TASK GOAL - Pictures in the data below are not part of the copy; transcribe everything else exactly.

DATA EXCERPT -
⟨

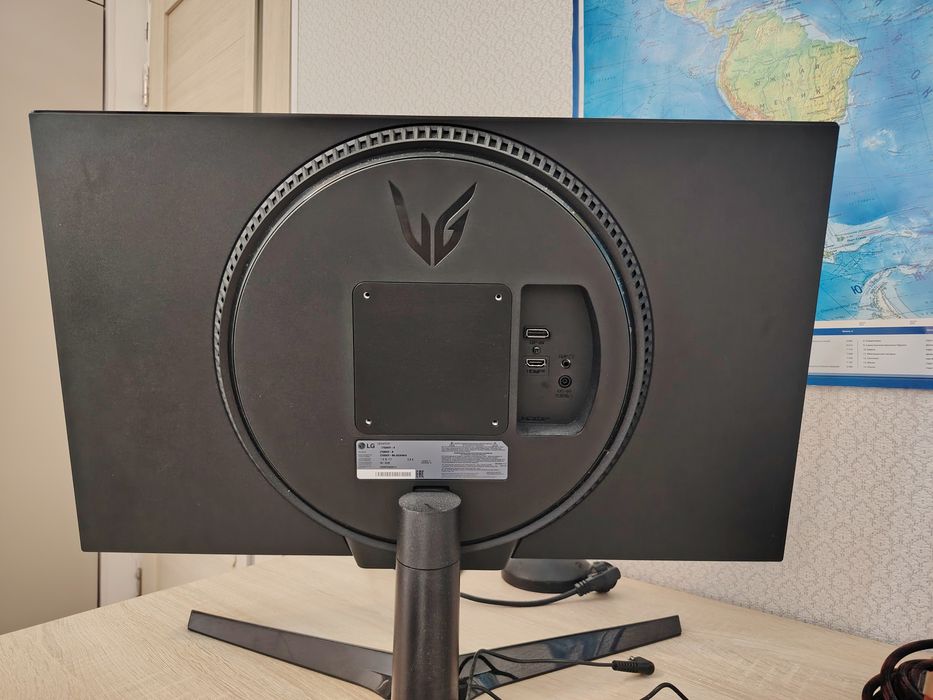 Продаётся монитор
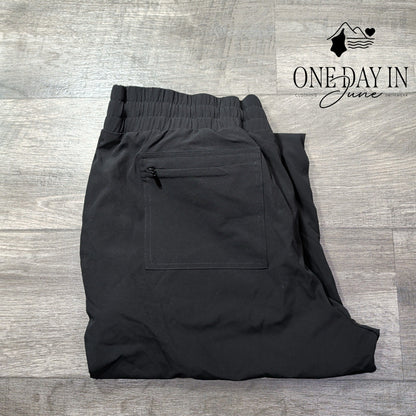 Chico's Zenergy Cargo Jogger Pants Black NWT Size Chico's 3.5 (18)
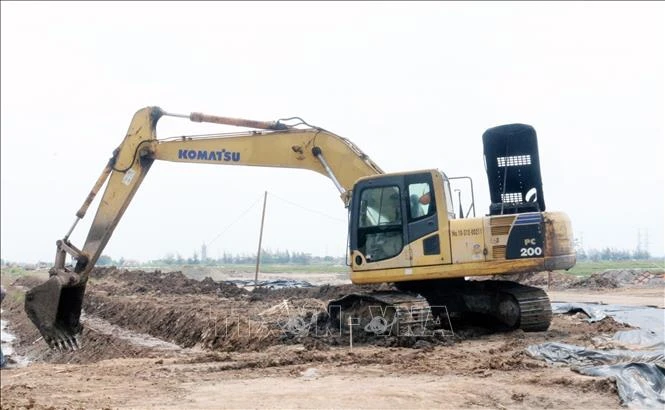 Ninh Bình hoàn thiện hạ tầng khu công nghiệp, tăng sức hút đầu tư Ninh Bình hoàn thiện hạ tầng khu công nghiệp, tăng sức hút đầu tư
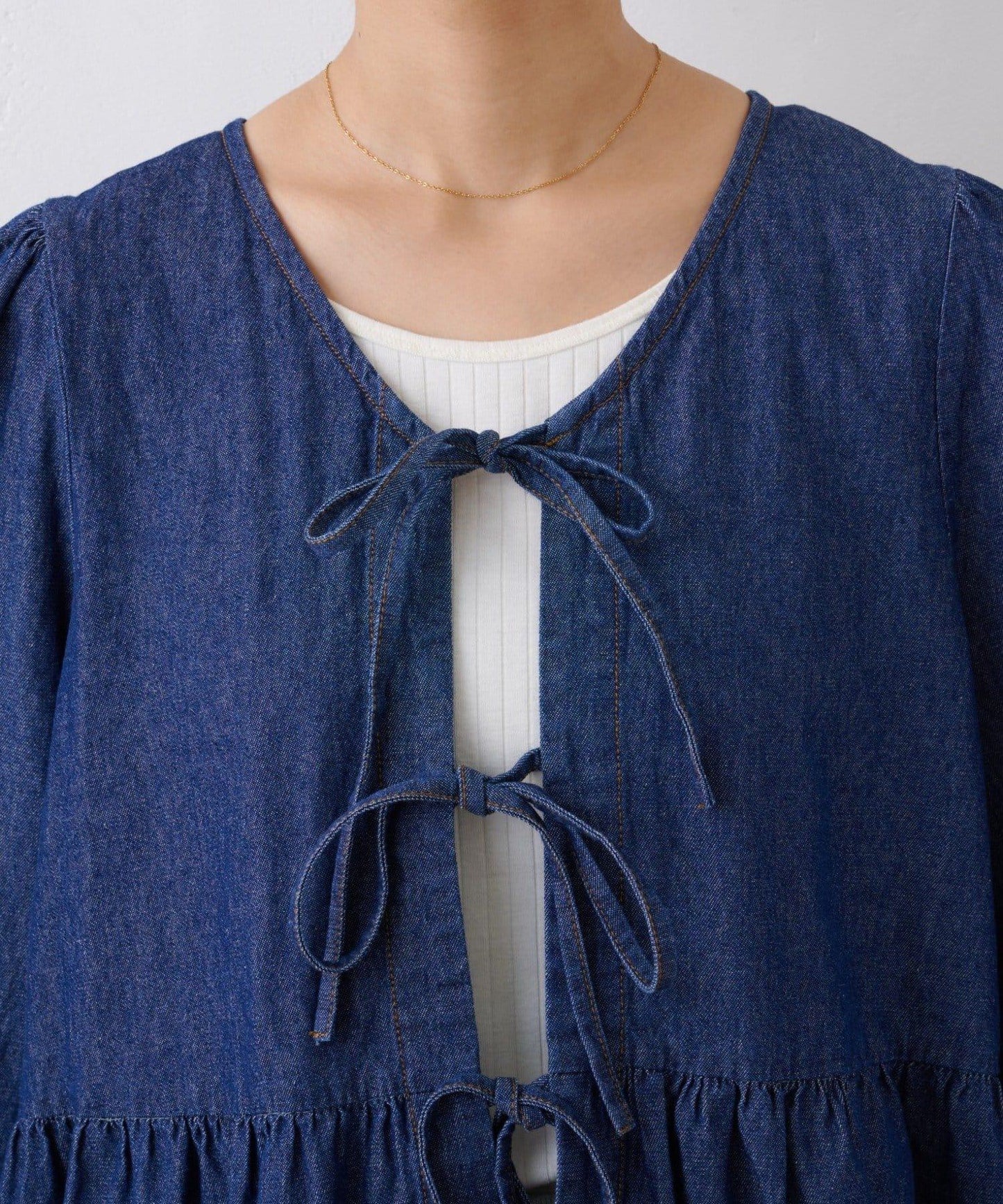 ★【HELLO.SANFRANCISCO/ハローサンフランシスコ】帶領雛菊刺繡牛仔襯衫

⟩

ANSWER SECTION -
 Продаётся монитор
 Chico's Zenergy Cargo Jogger Pants Black NWT Size Chico's 3.5 (18)
 Ninh Bình hoàn thiện hạ tầng khu công nghiệp, tăng sức hút đầu tư Ninh Bình hoàn thiện hạ tầng khu công nghiệp, tăng sức hút đầu tư
 ★【HELLO.SANFRANCISCO/ハローサンフランシスコ】帶領雛菊刺繡牛仔襯衫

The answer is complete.